This is fun... Any more good ideas out there?

Tom

starry night
09-09-2011, 08:55 PM
"Composition" i.e. the harmonious arrangement of the parts of a work of art in relation to each other and the whole.

So how about a "lighting composition" or a "lighted composition" ?

44DCNF
09-09-2011, 09:20 PM
Portrait is so last century. What you masters do is add another dimension, draw the eye to the important features, and as said, it is an ever evolving situation. Forgive me for interjecting here, not being of your profession, but I admire your work enough to want to contribute.....

Evolving Palatial Illuminations? (Just a mixture of some of the concepts already mentioned) It's much like sunsets and sunrises, cloud formations and rainbows, each one being different, even from moment to moment, and each one beautiful in it's own right.

Ok, I'll bug on out of here now and leave you pros to your own creating.

NightScenes
09-10-2011, 01:52 PM
Tom, I like "Refining the Night" but that's my trade marked slogan!

Tomwilllight
09-10-2011, 04:24 PM
Simple is good.

More ideas?

Tom

The Lighting Geek
09-10-2011, 10:43 PM
I believe that I create ambiance or an atmosphere, an emotional connection to their space. When I get it right, it is a very emotional experience for my client, and me too.
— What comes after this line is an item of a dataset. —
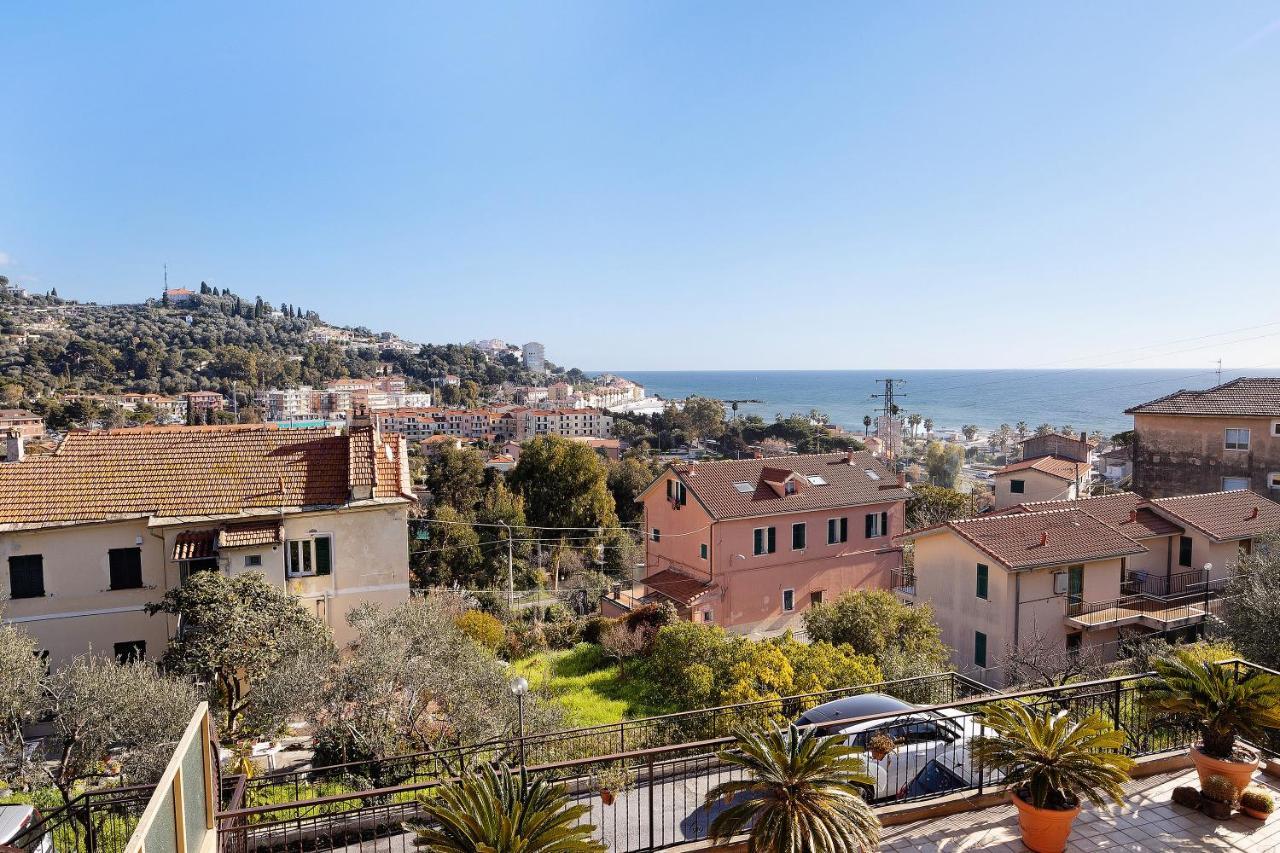 Seaview Apartment Imperia Zewnętrze zdjęcie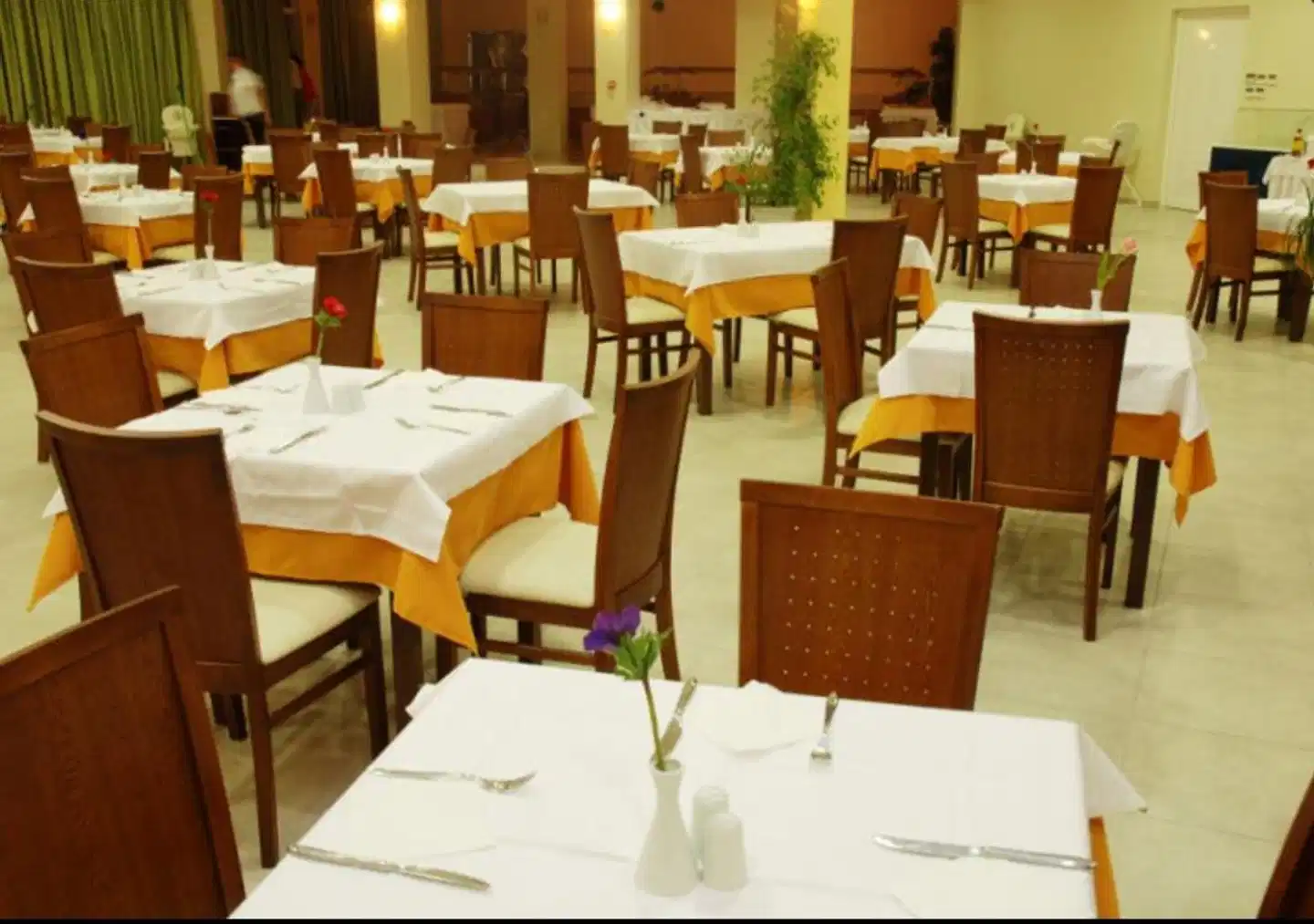 Majestic Hotel & Spa Restaurant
It goes beyond painting or a portrait, it is what sets me apart.

steveparrott
09-11-2011, 12:44 PM
Tommy, I love "Battling the forces of darkness..." (Wonder where I heard that?:) )

This statement addresses a very powerful role of lighting - not mere illumination in the physical sense, but also illumination in the emotional and spiritual realms.

Darkness can be frightening, depressing, threatening, isolating, lonely. Definitions of dark include: hidden, obscure, gloomy, hopeless, dismal, and ignorant.

Light on the other hand is equated with knowledge, revelation, inspiration, recognition, upliftment, and unburdening.

I think this is why homeowners are speechless and emotional upon seeing their properties expertly illuminated. It is like we have battled the forces of darkness on their property. Our work has uplifted and unburdened them.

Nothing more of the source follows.